After spending time abroad in Birmingham and Edinburgh, he worked as a university lecturer at Saarland University from 2001 to 2008, including a research stay in Cambridge. He was then a professor at the International University in Germany in Bruchsal until 2009. Benzmüller gained his habilitation at Saarland University in 2008 and at the FU Berlin in 2012. After research stays in Stanford and Luxembourg, he has been an apl. professor at the FU Berlin since 2021. In February 2022, he accepted an appointment at the University of Bamberg.

==Recognition==
Benzmüller conducts research at the intersection of artificial intelligence, philosophy, mathematics and language processing. On the one hand, he is interested in formal reasoning and universal logic with applications in philosophy/metaphysics and mathematics, and on the other hand in the development of hybrid AI technologies for the ethical and legal control of AI systems. In the context of research stays and visiting professorships, he has established collaborations with numerous international institutions, including University of Luxembourg, Stanford University (USA), University of Cambridge (UK), Carnegie Mellon University (USA), BITS Pilani Dubai (UAE) and Zhejiang University (China). He serves on various international committees, advises AI start-ups, is the national contact person for the Confederation of Laboratories for Artificial Intelligence Research in Europe (CLAIRE-AI), member of the Graduate School Berlin Mathematical Research Centre (MATH+) and the Federation of German Scientists.

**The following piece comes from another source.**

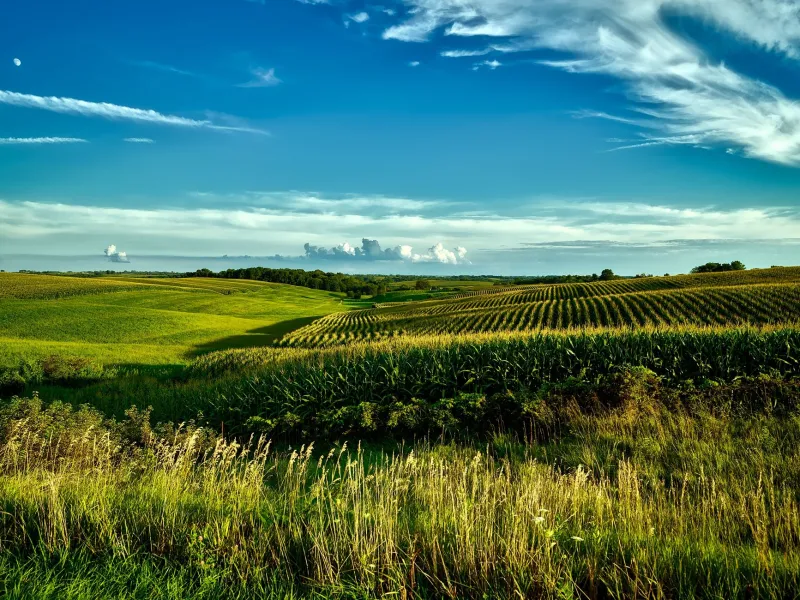 Strange Bedfellows, Real Results: When Iowa's Unions and Farm Bureaus Stopped Fighting and Started Dialing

He is best known for his work on formalising Gödel's ontological proof in 2014, 2025 and verifying the theorems using automated theorem proving with Isabelle in 2016. The proof could be confirmed by researchers from TU Vienna. For the formalisation and the proof, Benzmüller gained attention by the national press and internationally across interdisciplinary researchers.

== Personal life==
In his private life, Benzmüller is a competitive athlete and won several championships in his youth as a long-distance runner and hurdler. He is married and has three children.